[The records]
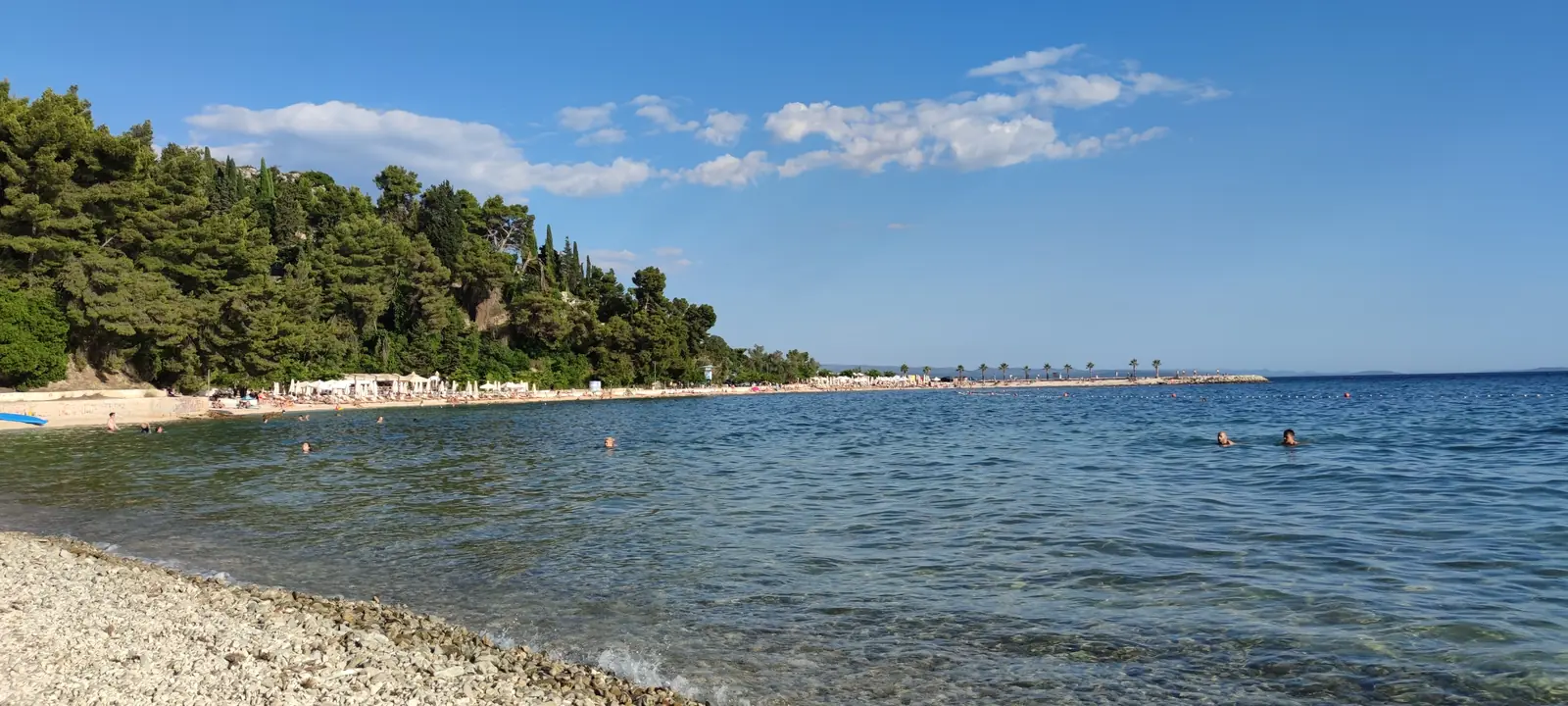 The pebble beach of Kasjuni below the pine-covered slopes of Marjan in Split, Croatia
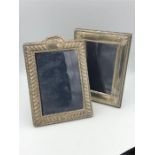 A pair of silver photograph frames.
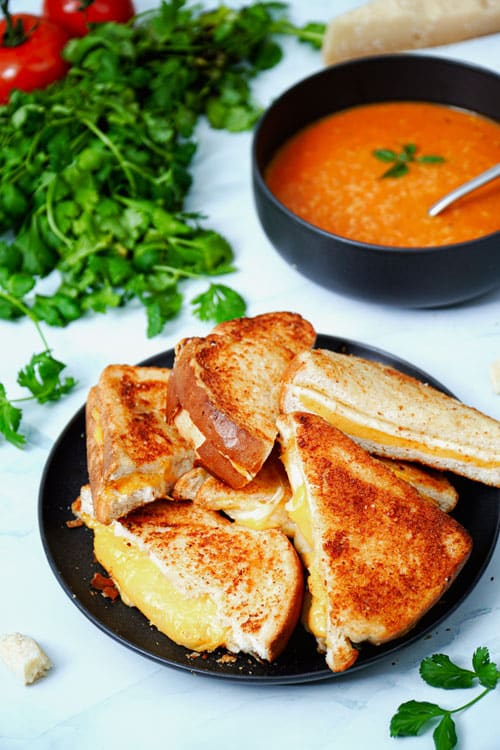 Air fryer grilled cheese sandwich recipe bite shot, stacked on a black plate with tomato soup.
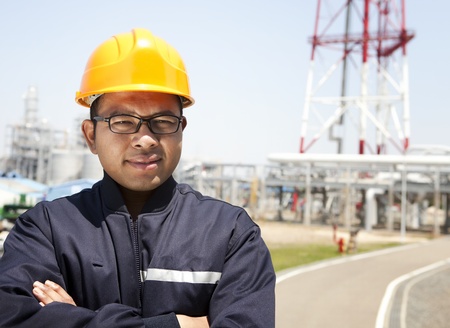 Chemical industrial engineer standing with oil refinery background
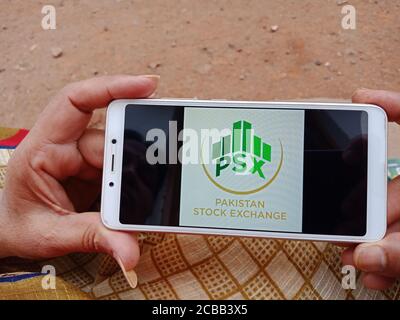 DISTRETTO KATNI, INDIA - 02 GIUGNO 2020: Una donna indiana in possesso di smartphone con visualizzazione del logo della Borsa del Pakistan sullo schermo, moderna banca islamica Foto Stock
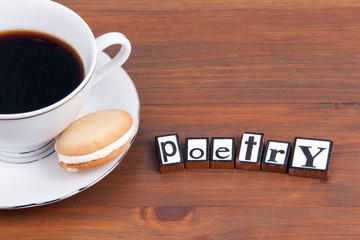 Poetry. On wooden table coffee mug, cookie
[/The records]
* **What you have to do**: When you copy the records above, keep every word exact and leave out the pictures they contain.

* **Task result**:
 The pebble beach of Kasjuni below the pine-covered slopes of Marjan in Split, Croatia
 A pair of silver photograph frames.
 Air fryer grilled cheese sandwich recipe bite shot, stacked on a black plate with tomato soup.
 Chemical industrial engineer standing with oil refinery background
 DISTRETTO KATNI, INDIA - 02 GIUGNO 2020: Una donna indiana in possesso di smartphone con visualizzazione del logo della Borsa del Pakistan sullo schermo, moderna banca islamica Foto Stock
 Poetry. On wooden table coffee mug, cookie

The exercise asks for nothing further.